Thursday, July 28, 2005
Unsolicited and Unwarranted Advice
Blah...Blah...Blah...And what not...
And Blah...Blah...Blah...
Preface: Please note that I believe that "advice" can be a wonderful tool to help us make important decisions, depending upon the person who doles out the advice, the motivation behind the advice-giving, and the manner in which it is given. I surely have been the beneficiary of great advice, and don't mind saying so, since I believe that it was a labor of love. Whether I asked for advice or not, some loving and well meaning folks have really come through for me. And I thank them for that.
Some suggest that advice is "always for the best." In fact, a couple of older cousins of mine engaged in a coversation battle of "One-Upmanship" a few years ago after we attended my uncle's funeral. Just as a little background information, my older brother and I were also riding in the car enroute to the Veterans' cemetery. One of my cousins was raised in the North and the other in the South. And each is a "self-professed expert" on various issues both big and small. The battle conversation involved burial arrangements. If the occassion had been a family reunion, they would have been debating about grilling techniques or etiquette. They actually get along quite well, but they just can't resist the calling of the One-Upmanship. Here's their conversation:
Antoinette (driving): When we get to the cemetery we're going to have to wait for them to set up Uncle T's casket.

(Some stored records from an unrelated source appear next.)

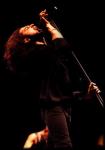 photo by Dave Gahan concert tour with Songs of Faith And Devotion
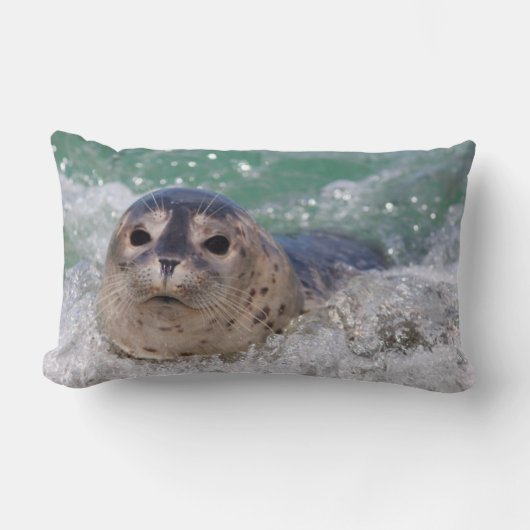 Een babyzeehond die surft kussen (Voorkant)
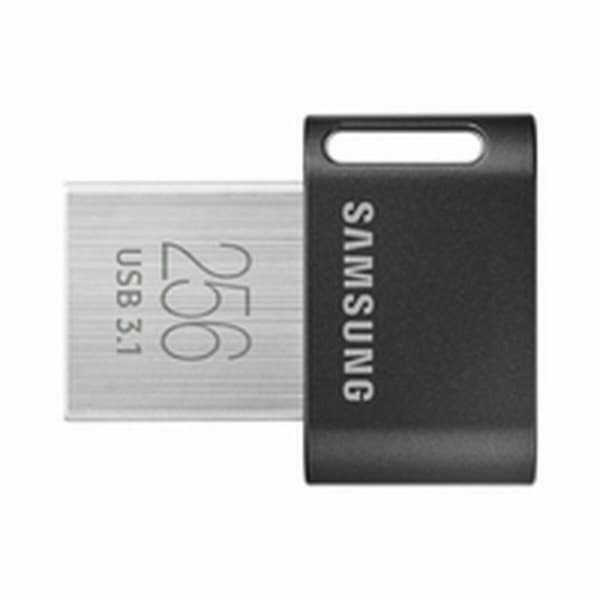 USB-stik Samsung MUF-256AB Sort 256 GB Grå, Sølv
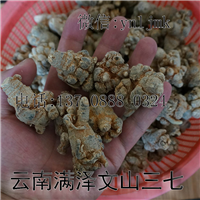 云南三七的功效，云南三七的作用 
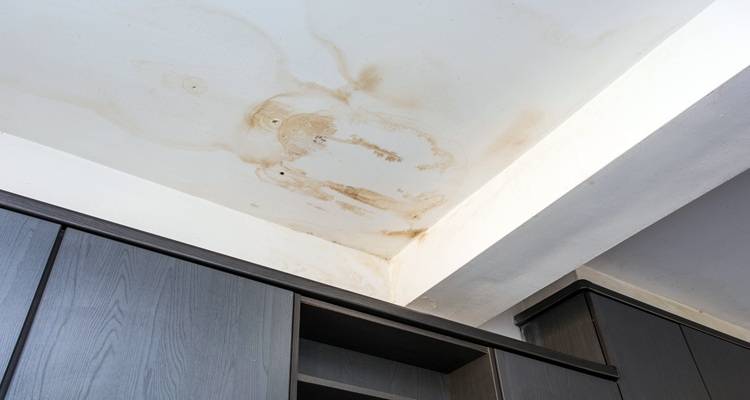 damp on ceiling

Juanita: Well actually, we have to wait for the workers to set up the vault so that they can place the casket in it so many feet.

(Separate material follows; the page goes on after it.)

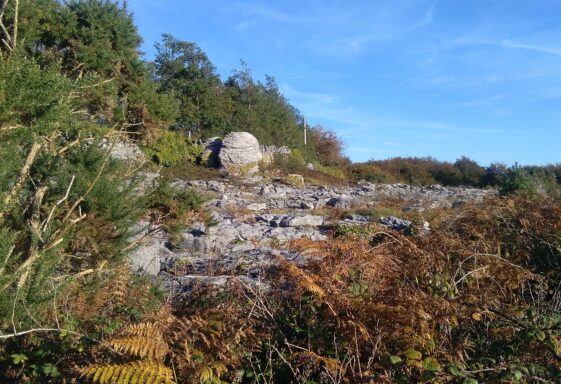 Moycullen's Mini Burren - The Rocks Road - Trail Launch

Antoinette: Well, after forty something years living in New York, I think that I should know the process in the North. I don't know what yall folks do in the South. But in New York, we do things this way. *holds heads up...thinking she got the last word*
Juanita: Well, you don't have to catch an attitude. I just wanted to properly educate you on the process. I worked with Aunt P who was an undertaker. And she said that the vault is used. I have specific education in this regard. *holds head up higher...rolling her neck thinking she got the last word*
Antoinette: There you go again with that attitude mess. But what you don't know is that I'm above that. I've evolved. I just want YOU to know about things so that you won't be walking around spouting incorrect information.
Juanita: Now, now... I wouldn't feel right within myself if I didn't help you to see a brighter day, clearer skies, and bluer waters. Afterall, I'm only concerned about your self-development and welfare.
Antoinette: I know that you want to win this conversation and show off in front of folks, but I really care about you as a person and I would be remiss in not calling you out on your wrongness. I'm telling you for your own special benefit.
Blah...Blah...Blah...This back and forth action went on for a while. But they were back on good terms within an hour. All this was done in fun and jest. So all was good in the neighborhood. Family can sometimes get away with that, but then there are others... Shall we proceed?
When The Foul Winds Of Unsolicited And Unwarranted Advice Blow Your Way, Tell The Miss or Mr. Know-It-Alls ==> To Shut Their Beaks!!!
Doesn't "so-called advice" usually start out like the following:
I don't mean to get in your business, but...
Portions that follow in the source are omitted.